Mit dem Warnemünder Morgenmagazin-Puschel konnte Björn Staschen natürlich nicht mithalten. Am Hamburger Fischmarkt stand der NDR-Mann in Gummistiefeln und sah ein bisschen aus, als spräche er in eine Klobürste. Es hatte halt nur für einen kleinen Puschel gereicht. Christina Gerlach, die live aus Norderney reportierte, hielt ihren Riesenpuschel dagegen fast zärtlich im Arm und sagte, dass die großen Schäden ausgeblieben seien.
Fast klangen die ARD-Reporter ein bisschen enttäuscht, dass Xaver dann doch nicht so böse endete wie man ihn angekündigt hatte. Angesichts der puren Masse verstärkte sich zwischendrin ohnehin der Eindruck, dass Xaver allein deshalb nicht hatte ungehindert wüten können, weil er an der Küste auf eine massive Dammbarriere stieß, die allein aus besorgten ARD-Korrespondenten bestand, die alle auf der Suche waren nach Bildern, auf denen zu sehen war, wie der Wind mal so richtig heftig blies.

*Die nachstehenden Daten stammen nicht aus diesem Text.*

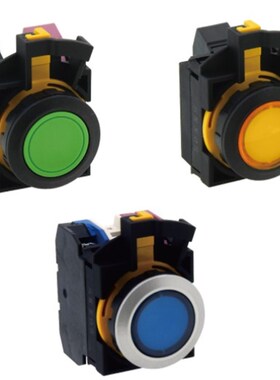 IDEC正品和泉CW1B-M1E10G 11 01 R G自复位YW-E10绿色B按钮开关YS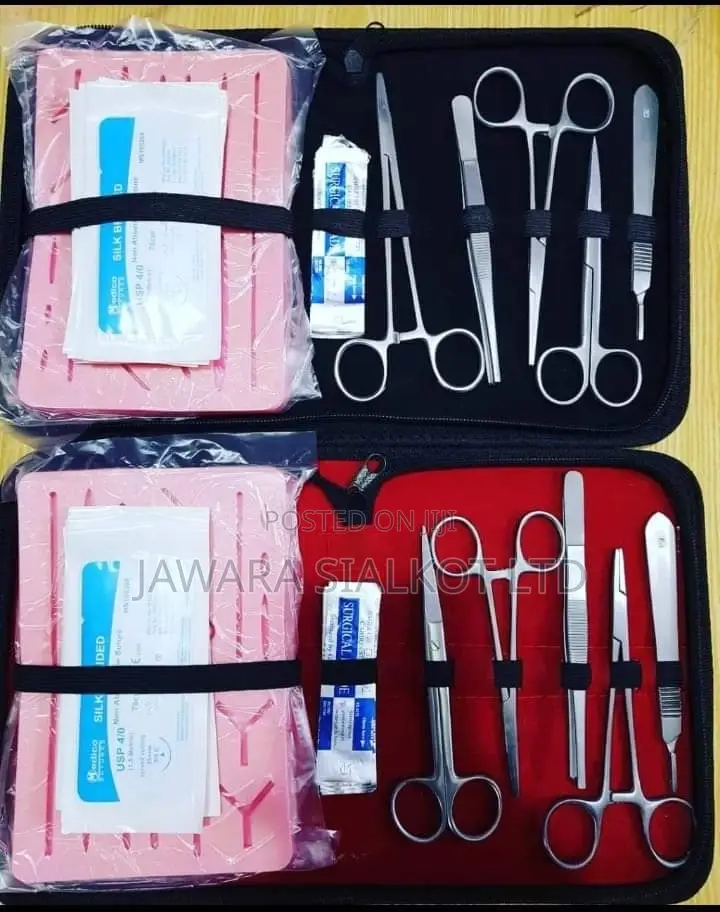 Regular Suturing Practice Kit and Practice Pad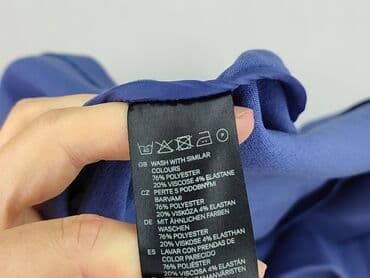 srebrna sukienka h m: H&M, Sukienka damska, rozmiar L — 5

Wenigstens in Bremerhaven gab es ein bisschen mehr als treibenden Sand, wühlende Gischt und sich biegende Halme zu sehen. Da musste die Feuerwehr eine Dinosaurierfigur sichern. Heissassa! Das hätten sich die Reporter in Warnemünde auch gewünscht.
„Wie konntet ihr die armen Kerle da hinstellen“, fragte eine besorgte Zuschauerin im Kölner Moma-Studio an und meinte damit nicht den Dino, sondern die Reportermassen, „Es war halt nötig“, sagte Anne Gesthuysen, und für einen Moment blitzte der ganze Stolz der ARD aus ihrem Gesicht. „Weil wir es können“, hätte wohl die ehrlichere Antwort gelautet. Aber so viel Ehrlichkeit im Morgenmagazin darf man nicht erwarten.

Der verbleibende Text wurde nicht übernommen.